As a professional, full-time freelance writer, I understand that I'm self-employed. I choose when I work and I work those hours that suit me around my daughter's needs. This means I only accept work that I know I can get done without disappointing those freelance clients. If I can't get it done, I'm honest enough and respectful enough of my clients to admit it, or to ask for a longer deadline to accommodate their needs.
But watching my friend shrug off the same round of excuses each week for the same missed deadlines - and then watch her sit up until 2am to complete the work that wasn't done in their place - is a little disheartening.

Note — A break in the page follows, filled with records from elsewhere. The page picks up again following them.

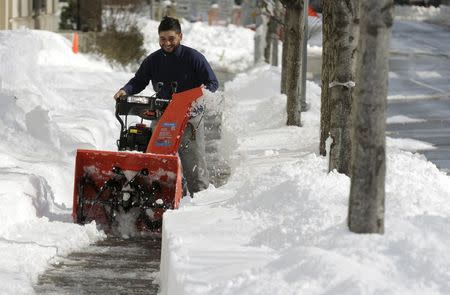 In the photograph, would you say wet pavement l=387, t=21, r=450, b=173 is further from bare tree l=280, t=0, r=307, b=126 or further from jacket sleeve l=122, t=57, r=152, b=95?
jacket sleeve l=122, t=57, r=152, b=95

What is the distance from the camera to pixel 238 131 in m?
17.7

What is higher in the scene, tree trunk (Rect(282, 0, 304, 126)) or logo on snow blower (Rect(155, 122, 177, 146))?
logo on snow blower (Rect(155, 122, 177, 146))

Of course, it also showed me that the writer who has a great reputation for being reliable, trustworthy, professional and timely with completing assignments received all of her attention the moment there was a problem.
(it's also worth noting that the same writer mentioned receives almost four times the amount of personally allocated work each week compared to the other writers to ensure that writer always has plenty of income!)
So the next time you decide to accept a freelancing job, complete it. If you don't have the time or inclination to complete it - don't accept it. If something crops up, say something to your client. Don't ignore it, or avoid it, or just wait until someone complains. In the world of online freelancing, your reputation means everything.
This doesn't just apply to your private clients. It applies to any particular writing job you've accepted from any paying source, including content mills, bidding sites, private requests and any other source that actually pays you to write something in order to get paid.
Treat your freelance clients with respect. They're paying you to complete a job to their specifications. They're paying good money they could have given to someone else to have you work for them and you agreed to it. So do it. If you don't want to do it, don't make false promises that you will.